Japan diary: The simple fix that could shake up Japan’s economy

It was a gorgeous day in Tokyo –  the views from the tower of the Imperial Hotel are a nice reminder of some of the reasons I love it here (from the 17th floor you can just see Mount Fuji on a clear day). 

Over lunch I talked to just-retired strategist and Japan expert Andrew Smithers. Later, I talked to an official from Japan’s Ministry of Finance at a reception for the Daiwa Anglo Japanese Foundation (of which I am a trustee) at the British Embassy. 

With both I talked about the odd way in which foreigners insist in thinking of Japan as an economic wasteland, when it quite clearly is not (see my last post). That does not, of course, mean that it couldn’t do with improvement.
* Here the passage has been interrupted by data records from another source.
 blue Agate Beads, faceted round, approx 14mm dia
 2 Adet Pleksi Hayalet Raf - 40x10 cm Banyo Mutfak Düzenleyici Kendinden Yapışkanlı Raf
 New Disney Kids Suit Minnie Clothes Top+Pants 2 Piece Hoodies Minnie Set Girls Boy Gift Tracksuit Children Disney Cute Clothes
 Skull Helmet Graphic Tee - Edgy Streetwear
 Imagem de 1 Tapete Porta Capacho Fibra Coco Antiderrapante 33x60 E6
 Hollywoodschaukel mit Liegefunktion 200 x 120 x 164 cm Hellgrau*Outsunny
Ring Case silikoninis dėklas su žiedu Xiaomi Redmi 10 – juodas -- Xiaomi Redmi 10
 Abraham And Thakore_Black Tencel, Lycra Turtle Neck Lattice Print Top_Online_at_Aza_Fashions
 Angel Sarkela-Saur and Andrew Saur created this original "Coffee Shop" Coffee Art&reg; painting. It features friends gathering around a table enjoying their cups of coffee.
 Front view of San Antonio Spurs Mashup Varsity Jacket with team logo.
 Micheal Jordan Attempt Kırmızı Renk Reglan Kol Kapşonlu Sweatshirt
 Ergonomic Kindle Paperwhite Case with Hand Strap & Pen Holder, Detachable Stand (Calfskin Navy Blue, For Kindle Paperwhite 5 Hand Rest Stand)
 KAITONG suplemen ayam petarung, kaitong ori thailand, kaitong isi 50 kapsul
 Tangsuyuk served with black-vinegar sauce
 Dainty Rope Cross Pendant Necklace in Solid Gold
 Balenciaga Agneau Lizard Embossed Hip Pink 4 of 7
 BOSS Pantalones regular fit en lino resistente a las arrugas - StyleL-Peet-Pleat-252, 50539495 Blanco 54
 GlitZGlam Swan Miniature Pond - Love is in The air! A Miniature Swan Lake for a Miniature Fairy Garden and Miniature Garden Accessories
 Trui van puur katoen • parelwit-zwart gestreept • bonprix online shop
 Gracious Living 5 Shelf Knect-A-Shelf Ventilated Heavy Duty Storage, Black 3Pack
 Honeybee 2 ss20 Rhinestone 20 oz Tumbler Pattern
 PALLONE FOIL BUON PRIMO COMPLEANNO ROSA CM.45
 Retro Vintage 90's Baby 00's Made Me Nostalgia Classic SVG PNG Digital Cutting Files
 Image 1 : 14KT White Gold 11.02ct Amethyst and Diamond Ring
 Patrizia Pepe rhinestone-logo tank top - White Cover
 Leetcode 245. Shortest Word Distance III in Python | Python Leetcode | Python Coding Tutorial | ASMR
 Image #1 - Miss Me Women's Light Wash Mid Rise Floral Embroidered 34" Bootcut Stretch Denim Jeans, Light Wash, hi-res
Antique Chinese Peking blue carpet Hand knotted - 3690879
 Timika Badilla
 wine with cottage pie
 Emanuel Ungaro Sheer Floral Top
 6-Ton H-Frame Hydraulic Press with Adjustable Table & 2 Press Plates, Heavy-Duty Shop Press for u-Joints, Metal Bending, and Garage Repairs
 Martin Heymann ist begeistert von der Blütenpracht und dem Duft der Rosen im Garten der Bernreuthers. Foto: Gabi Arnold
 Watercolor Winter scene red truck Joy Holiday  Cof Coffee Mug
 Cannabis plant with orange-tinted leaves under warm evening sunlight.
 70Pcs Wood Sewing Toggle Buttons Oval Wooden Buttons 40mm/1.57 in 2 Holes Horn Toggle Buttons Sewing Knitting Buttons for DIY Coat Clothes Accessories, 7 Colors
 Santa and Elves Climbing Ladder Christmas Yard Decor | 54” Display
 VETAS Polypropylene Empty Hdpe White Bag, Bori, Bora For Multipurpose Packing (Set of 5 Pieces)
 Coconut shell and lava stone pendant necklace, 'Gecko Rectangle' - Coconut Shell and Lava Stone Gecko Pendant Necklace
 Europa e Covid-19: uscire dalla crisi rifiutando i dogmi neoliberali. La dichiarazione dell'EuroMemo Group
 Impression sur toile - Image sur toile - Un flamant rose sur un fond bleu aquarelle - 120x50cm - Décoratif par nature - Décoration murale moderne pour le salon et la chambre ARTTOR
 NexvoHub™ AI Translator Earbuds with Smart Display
Smithers offers one simple way to improve a range of things in Japan – cut the depreciation allowances given to Japanese companies. These are currently much higher than in other countries, and far higher than productivity rates suggest they should be. This encourages over-investment (otherwise why would a country with a falling and ageing population invest so much?) and also allows companies to massively understate their profits (and hence their tax bill).

Cut the allowances and you could set off a chain of excellent results: profits would rise; tax revenues would rise; then, wages would be likely to rise and so might dividends. Finally, as wages rose so might consumption – providing a start at least to the rebalancing from investing and towards consumption* most think Japan needs.

Smithers says he sees no sign that Abe might be interested in this idea, but when I asked the man from the MoF if he thought Andrew was right, he said that he thought he was entirely right. There is hope. You can read Andrew’s blogs on the matter for the FT here.

*The roads in Japan are full of gorgeously coloured cars, something that I think must reflect the reality of marketing consumer goods in an ageing society: if you want to keep sales up, you have to find a way to turn something bought infrequently into something bought more often by making it into a fashion item.